Part 1: Single-Location Population Model (Compensation Ratios)

In the first part of this tutorial, we run the population model for a single location using the default density-dependence method (compensation ratios). This serves as a starting point before scaling up to batch processing across multiple locations.

Load Input Data

We begin by loading the three core input files. These are the same stressor-response and stressor-magnitude workbooks used in the Joe Model tutorials, plus a life cycle profile CSV that defines the species’ vital rates. See the Data Inputs chapter of the guidance document for details on preparing these files for your own study system.

library(CEMPRA)
library(ggplot2)

# Load the stressor-response workbook
filename_sr <- system.file("extdata", "stressor_response_fixed_ARTR.xlsx", package = "CEMPRA")
sr_wb_dat <- StressorResponseWorkbook(filename = filename_sr)

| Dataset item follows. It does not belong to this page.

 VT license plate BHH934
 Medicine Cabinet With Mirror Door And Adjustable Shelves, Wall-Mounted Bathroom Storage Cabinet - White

# Load the stressor-magnitude workbook
filename_rm <- system.file("extdata", "stressor_magnitude_unc_ARTR.xlsx", package = "CEMPRA")
dose <- StressorMagnitudeWorkbook(filename = filename_rm, scenario_worksheet = "natural_unc")

# Load the life cycle parameters
filename_lc <- system.file("extdata", "life_cycles.csv", package = "CEMPRA")
life_cycle_params <- read.csv(filename_lc)

Choose a Target Spatial Unit

The PopulationModel_Run() function processes one spatial unit (HUC) at a time. Each HUC_ID in the stressor-magnitude file corresponds to a location with its own set of stressor values. Here we select a single location to demonstrate the workflow before scaling up.

# Choose target ID
# In this example just use the first watershed
HUC_ID <- dose$HUC_ID[1]

Run the Population Model

We run the population model with PopulationModel_Run(), which internally:

  1. Runs the Joe Model to calculate system capacity scores for the target location
  2. Links stressor effects to life-stage-specific vital rates (survival, fecundity, or capacity)
  3. Projects the population forward in time with and without cumulative effect stressors
  4. Repeats the projection across multiple Monte Carlo simulations (MC_sims) to capture stochastic variability

The model always produces two sets of projections: a “baseline” run (no stressor effects) and a “ce” run (with cumulative effect stressors applied). This paired design ensures that comparisons are always made relative to a reference condition.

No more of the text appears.